Sunday, May 4, 2008

Can the conflict in Israel/Palestine really be transformed?

Today started at 9am with a discussion of the Israeli/Palestinian situation led by our friend, Rachel, who is just back from a two week visit to the area as part of an Interfaith Peace-Builders delegation.

This is not an easy way to begin the day. It’s not just that The Wall is such a reminder of Berlin and of our own Mexican paranoia. It’s that the situation looks so hopeless.

According to our news media and the implications of the Israeli wall, there appear to be two countries at war — Israel and Palestine. But, when you look at a map showing Palestinian and Israeli settlements, you are confronted by a mammoth intermixing of communities that defies boundaries — Israeli enclaves have been constructed seemingly everywhere. The Wall looks more like a resource protector than an actual political boundary — more like a dam preventing Columbia River water from ever being shared with Mexico.
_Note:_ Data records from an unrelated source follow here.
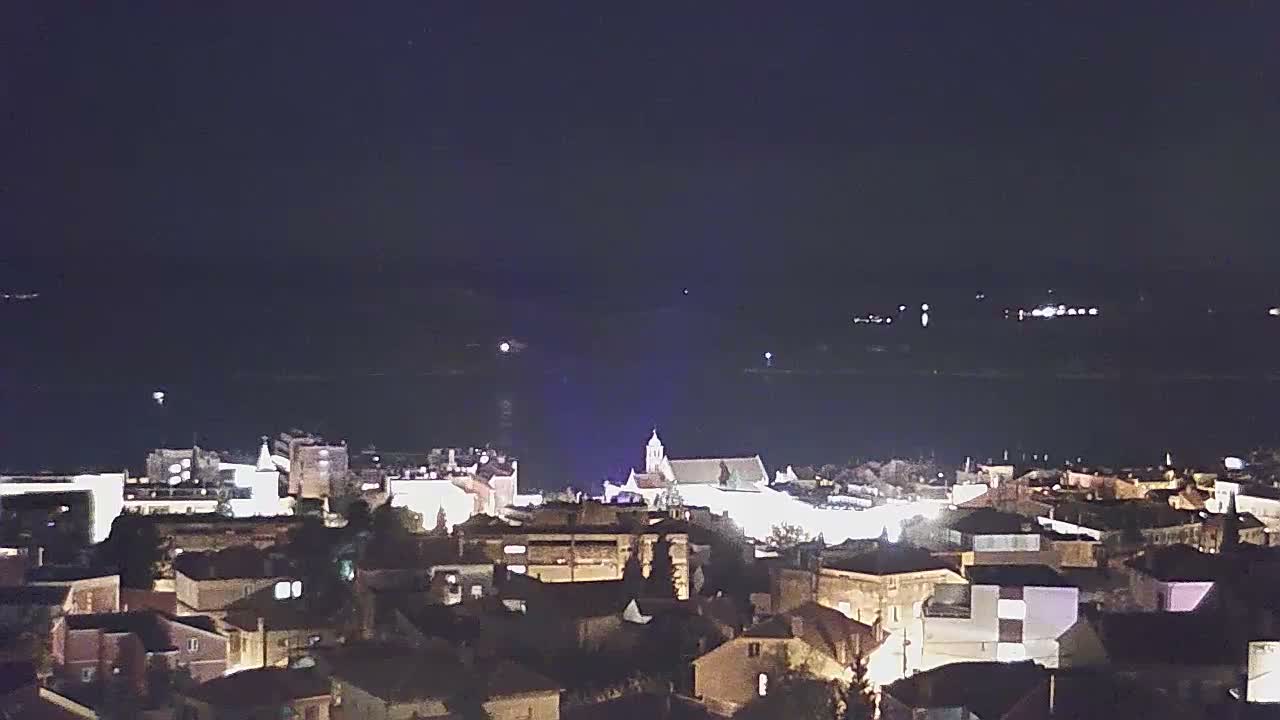 Šibenik City & Adriatic Dalmatia Coast Skyline Live Cam - Sibenik, Šibenik-Knin, Dalmatia, Croatia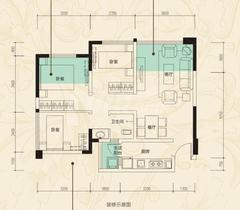 翔宇榜样家3室2厅1卫71.75平户型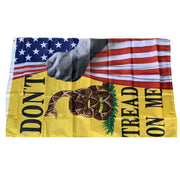 American Flag Don't Tread on Me Flag Reveal 3'x5' Flag - PatriotDepot.com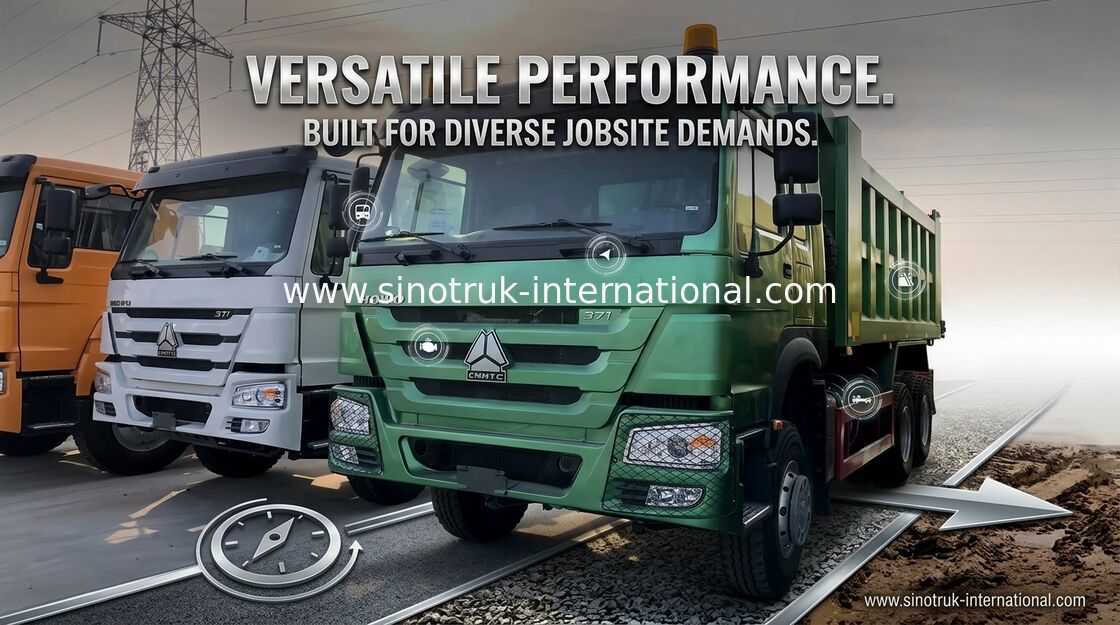 Tonnen Tipper Trucks 6x4 SINOTRUK 10 Rad-HOWO ZZ3257N3647A 30 16 - 18 CBM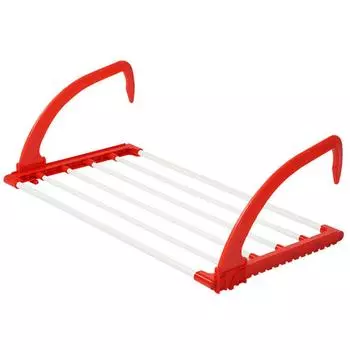 Многофункциональная складная вешалка для балкона, регулируемая вешалка для сушки одежды в помещении и на улице, вешалка для обуви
I’m sure there are many explanations for how this disaster came to be. But, just this brief look, that Rachel provided us, into how people are actually living, was enough to break the heart. “What hope can there possibly be for transforming this conflict that is not just a bloodbath?”

I have been reading, rather naively, John Lederach’s The Little Book of Conflict Transformation, hoping to expand my own theories of conflict transformation based on experience dealing with what turnout to be comparatively petty church conflicts. Vicious as church politics can become we ain’t no Somalia or Ireland or South Africa. I am not a little humbled just meditating for a Sunday hour on the quest for peace in Israel/Palestine.

The fact that, even with his international experiences, Lederach can continue to hope and argue for the possibility of transformation — not merely resolution or management — of conflict like this lifts me a little out of the feeling of hopelessness I carried away from Rachel’s descriptions of life on the ground in Palestine.